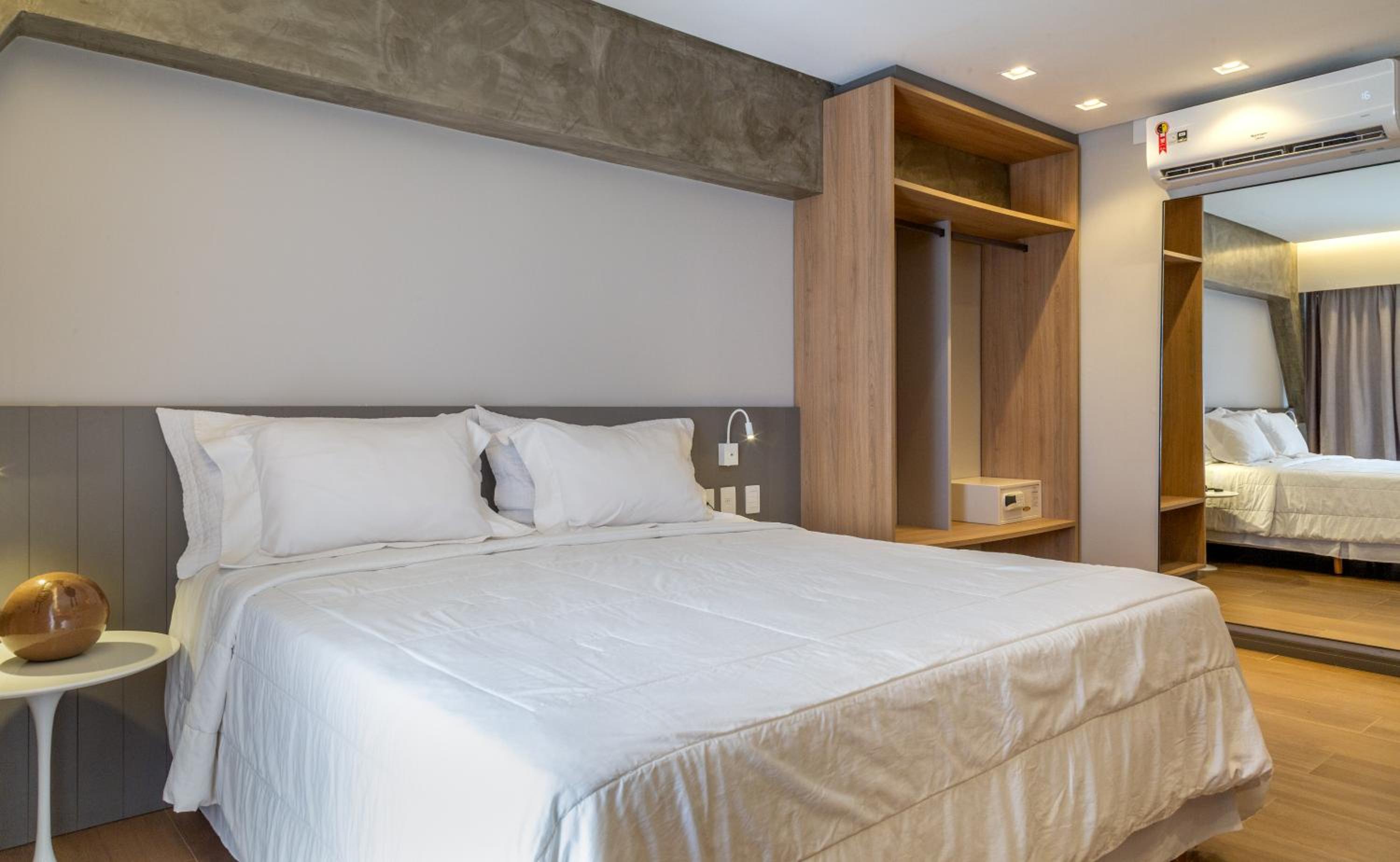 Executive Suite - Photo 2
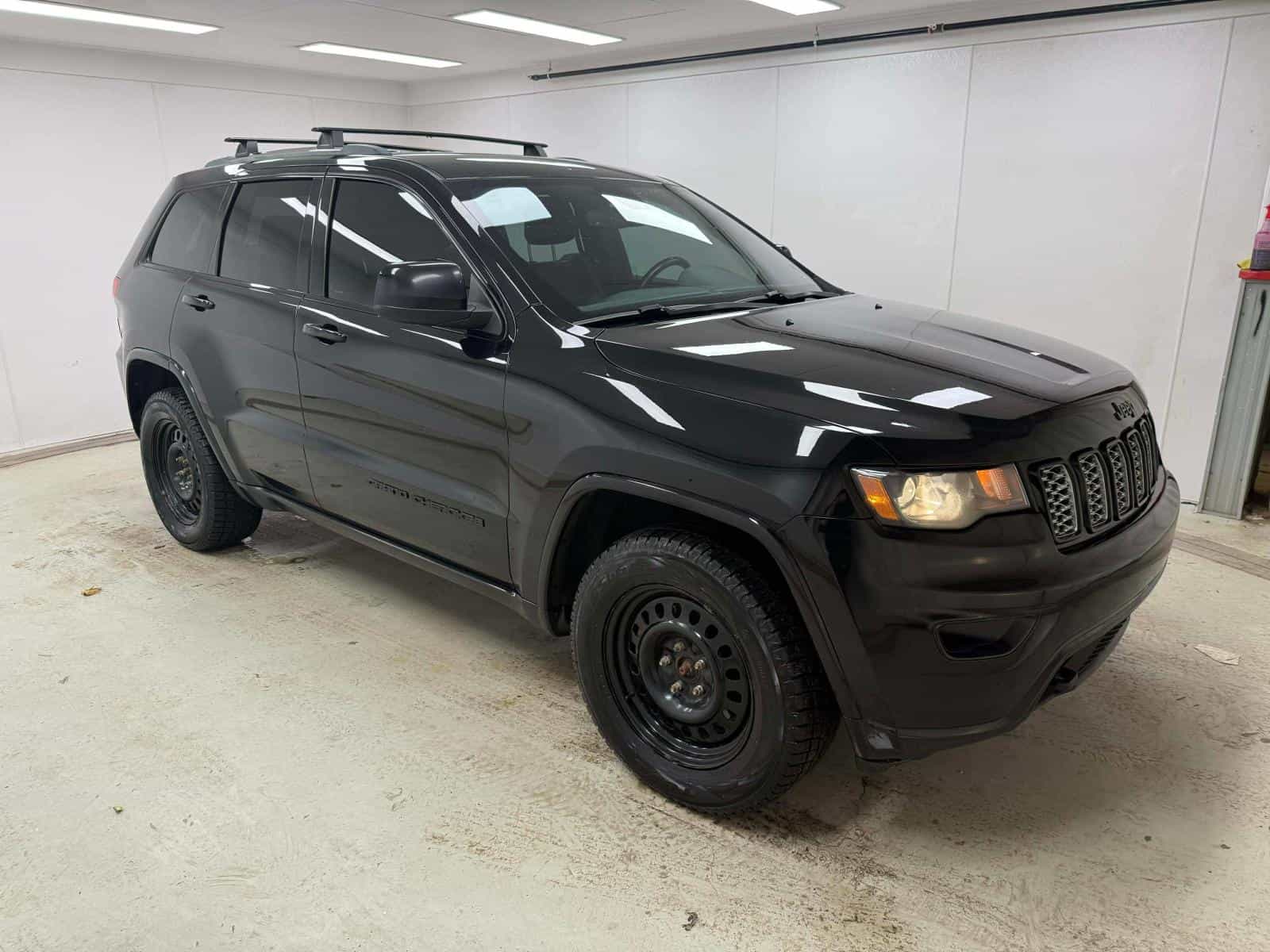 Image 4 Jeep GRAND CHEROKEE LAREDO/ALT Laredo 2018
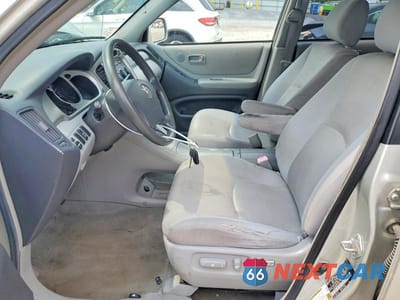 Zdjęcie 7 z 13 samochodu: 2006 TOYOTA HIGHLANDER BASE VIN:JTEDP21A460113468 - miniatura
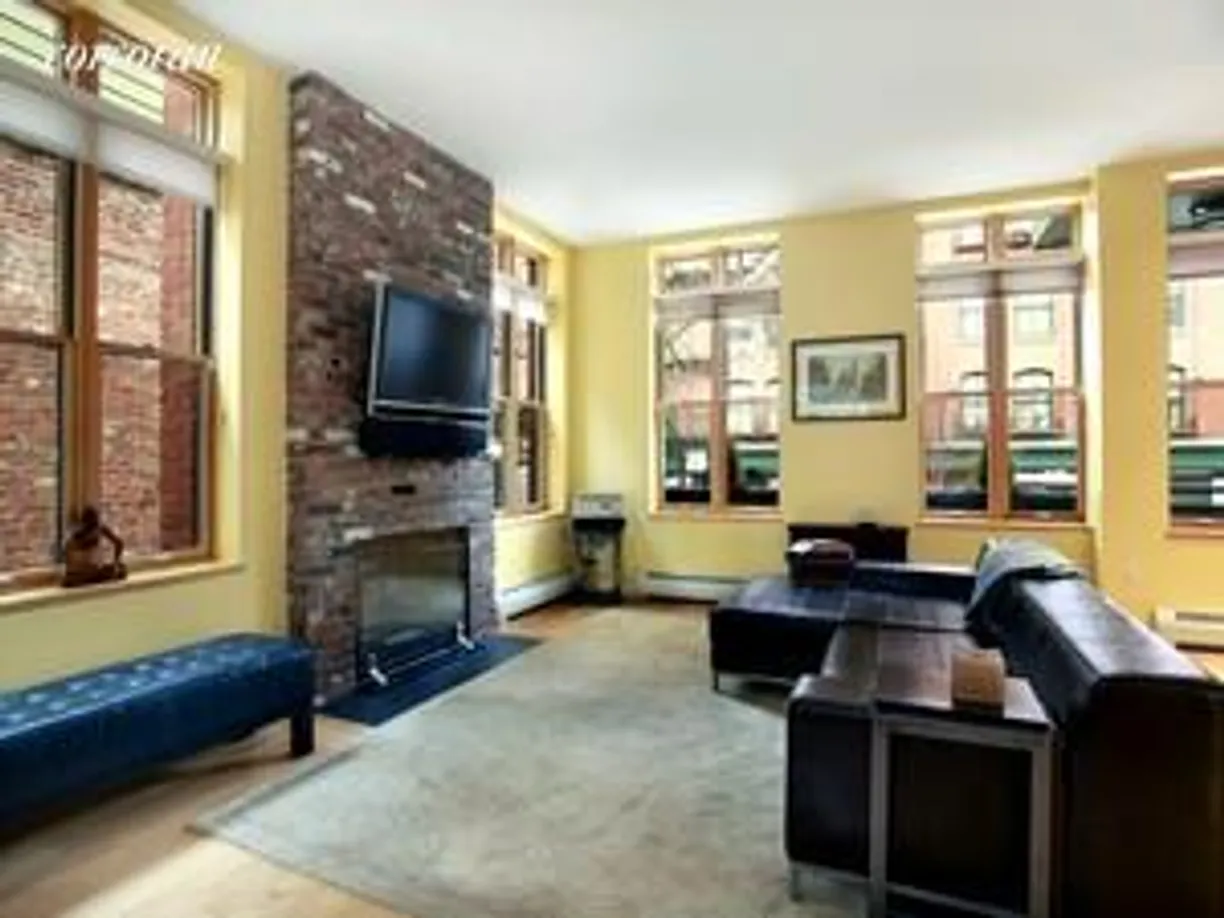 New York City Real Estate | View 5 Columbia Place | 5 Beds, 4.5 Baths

- - - - -

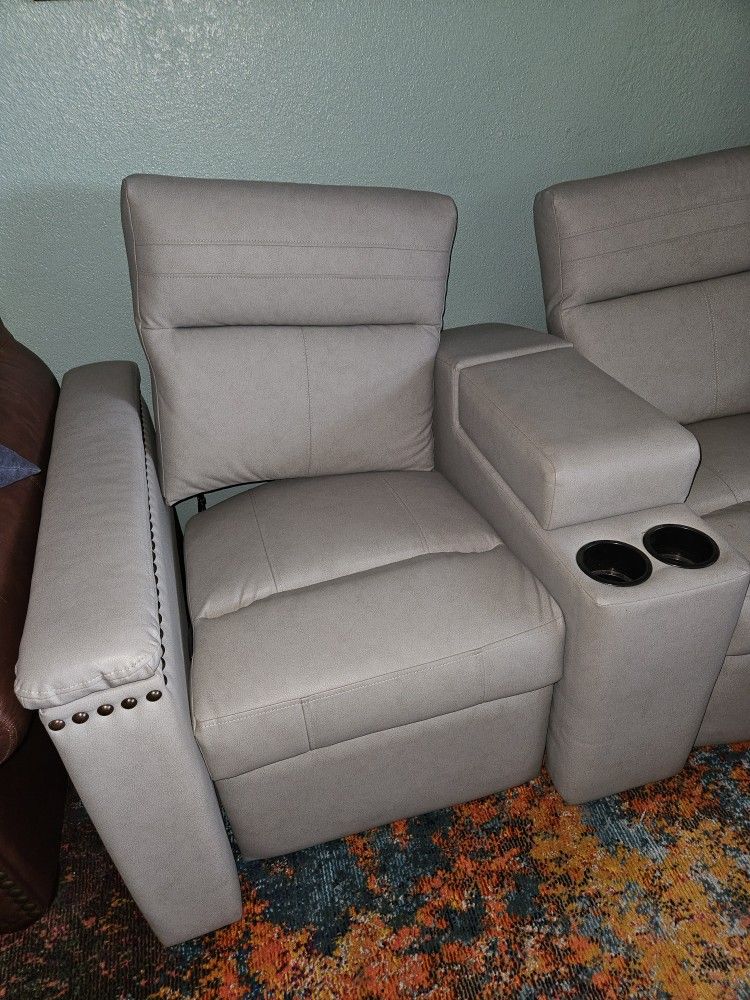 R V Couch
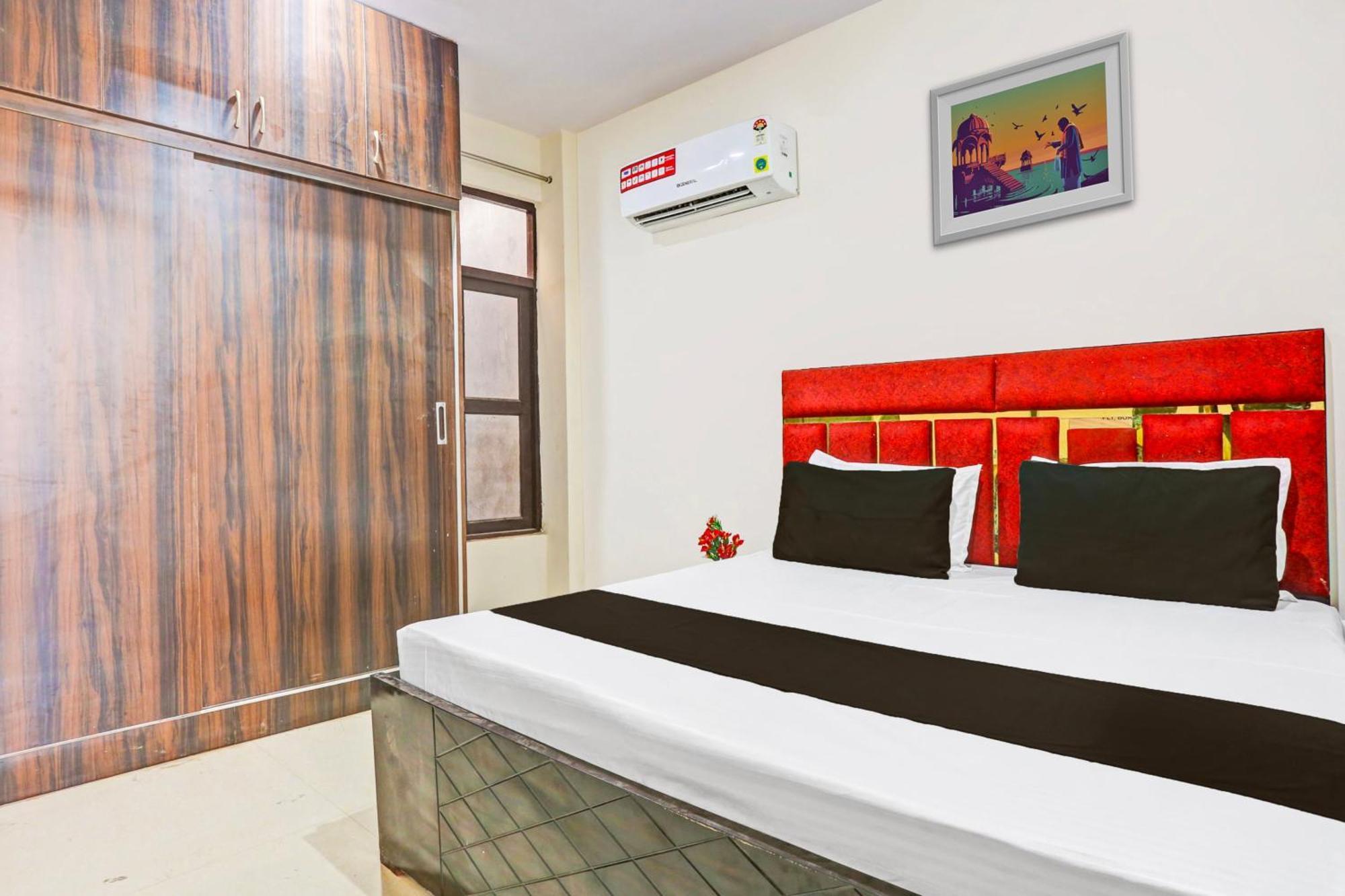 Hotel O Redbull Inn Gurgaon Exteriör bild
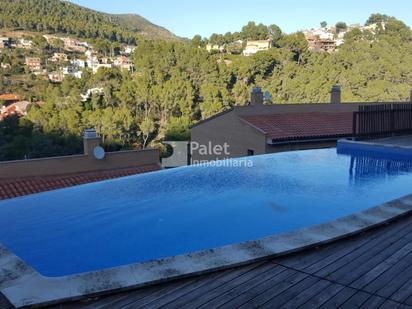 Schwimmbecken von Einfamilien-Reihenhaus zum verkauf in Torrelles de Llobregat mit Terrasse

- - - - -

What you have to do: Print the line above containing "Executive Suite - Photo 2", the line containing "New York City", and everything between them, exactly as written. Pictures stay out.

Solution for this task:
 Executive Suite - Photo 2
 Image 4 Jeep GRAND CHEROKEE LAREDO/ALT Laredo 2018
 Zdjęcie 7 z 13 samochodu: 2006 TOYOTA HIGHLANDER BASE VIN:JTEDP21A460113468 - miniatura
 New York City Real Estate | View 5 Columbia Place | 5 Beds, 4.5 Baths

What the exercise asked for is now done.